Love and Justice: God’s Loving Justice

A guest column from the Centre for Contemplation and Action
First published, Monday, October 17th, 2022

Richard Rohr writes that justice is an essential part of God’s nature. It does not manifest as vengeance or “getting even” but as a method of restoration and healing:

God’s justice begins to be revealed in the Torah. If you are God, you don’t have any criteria outside yourself that you can conform to and make yourself just. God is simply faithful to who God is. God can only be true to God’s own criteria. For God to be just, therefore, is for God to be faithful to God’s own character and words. This is very different from any vengeful and retaliatory understanding of justice, which is the later juridical understanding.

God’s power for justice is precisely God’s power to restore people when they are broken or hurt. God uses their mistakes to liberate them, to soften them, to enlighten them, to transform them, and to heal them. No text in the Hebrew Scriptures equates God’s justice with vengeance on the sinner. It might look like that on the surface, but if we read the whole passage and understand the context, chastisement is always meant to bring us back to love and union. God’s justice is always saving justice, always healing justice. What is experienced as punishment is always for the sake of restoration, not for vengeance. Therefore, justice for the people is to participate in this wholeness and spaciousness of God, to be brought into God’s freedom.

Richard describes the freedom of contemplatives who have discovered the “prophetic position”:

True contemplatives have changed sides from inside—from the power position to the position of vulnerability and solidarity, which gradually changes everything. Once we are freed from our paranoia, from the narcissism that thinks we are the centre of the world, or from our belief that our rights and dignity have to be defended before those of others, we can finally live and act with justice and truth. Once these blockages are removed—and that is what contemplative prayer does—then we just have to offer a few guiding statements of social analysis to name what is really going on beneath the surface of a system, and people get it for themselves. They start being drawn by God and by love instead of being driven by anger and retaliation.
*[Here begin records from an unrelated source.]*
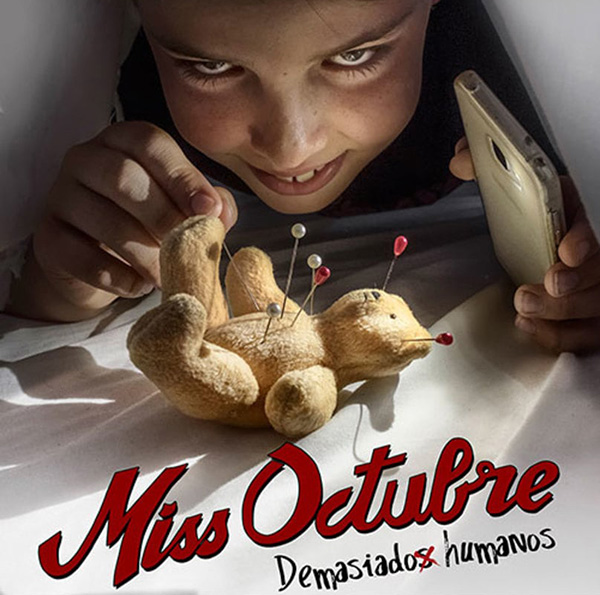 Portada de Sombras en la noche de Miss Octubre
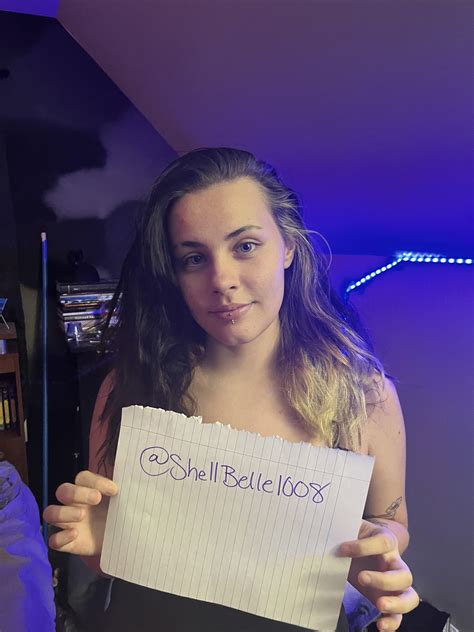 18 years old selling nudes DM me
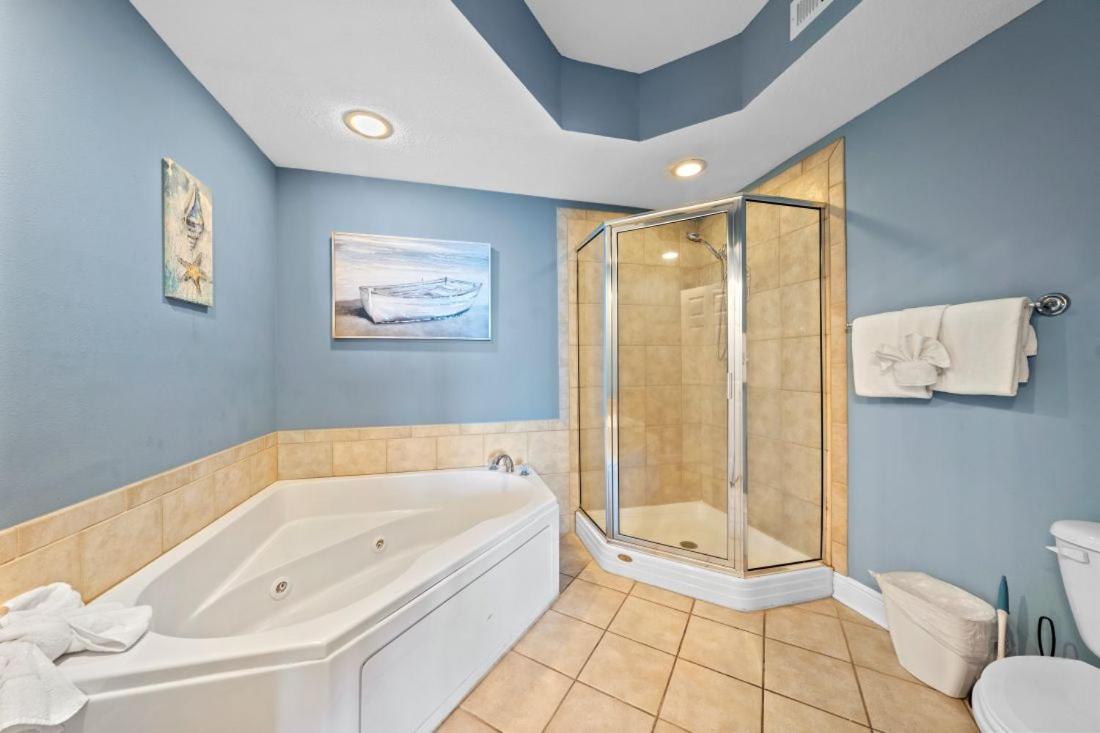 San Carlos 701 by Youngs Suncoast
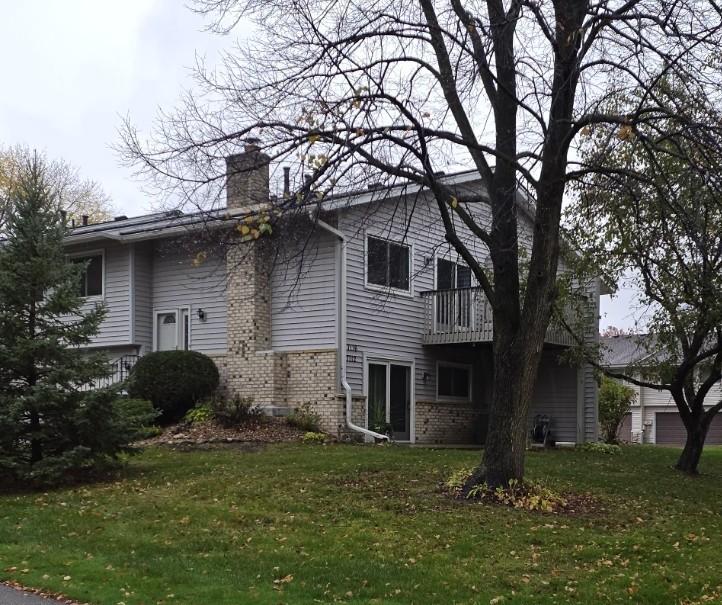 7112 Pontiac Circle Property Photo 1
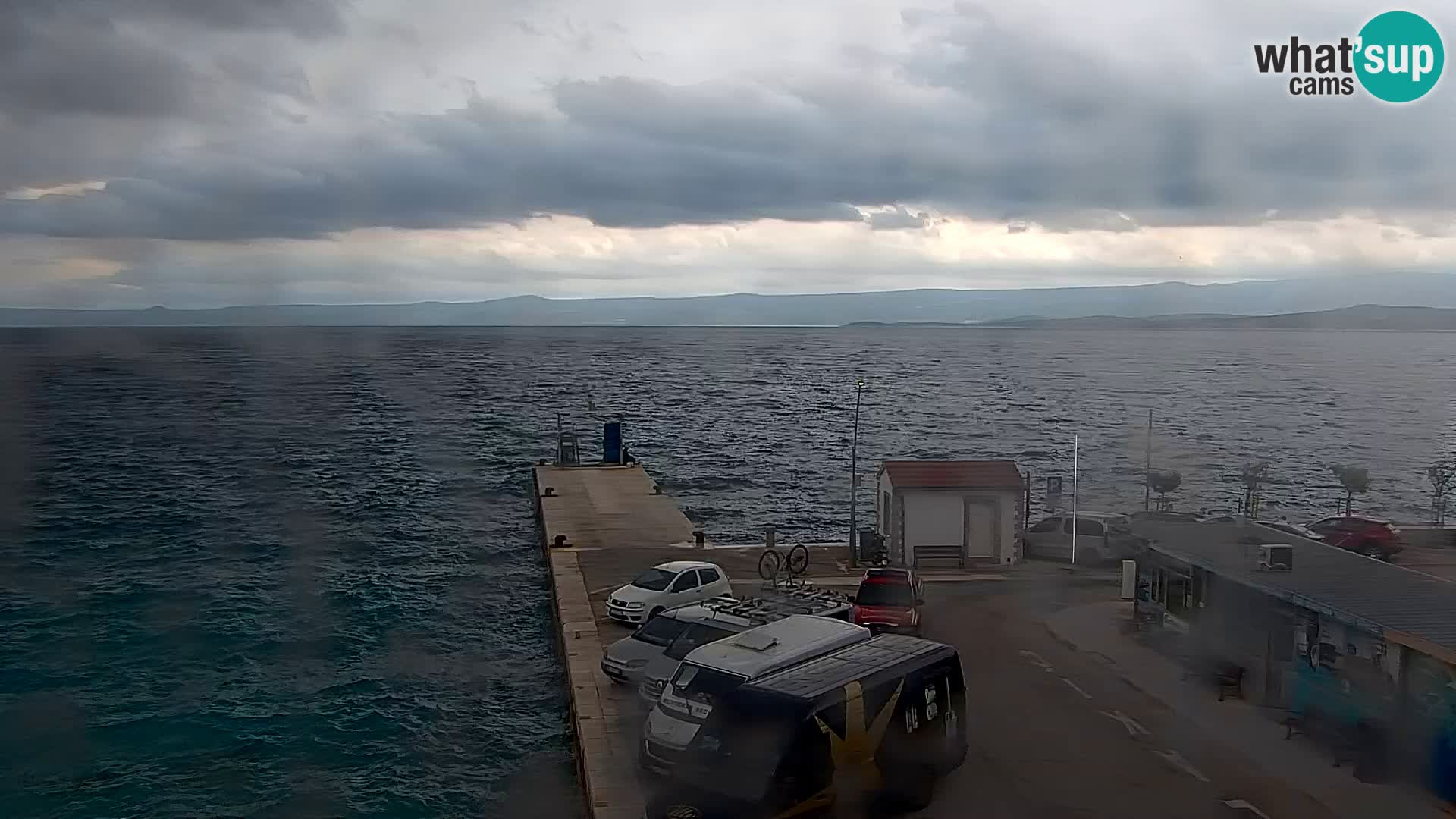 Spletna kamera Bol – Center mesta in marina v živo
True contemplation is the most subversive of activities because it undercuts the one thing that normally refuses to give way—our natural individualism and narcissism. We all move toward the ego. We even solidify the ego as we get older if something doesn’t expose it for the lie that it is—not because it is bad, but because it thinks it is the whole and only thing! We don’t really change by ourselves; God changes us, if we expose ourselves to God at a deep level. This is why Christian meditation will never fill stadiums; not so many people want their narcissism and separateness to be exposed as the silliness that they are.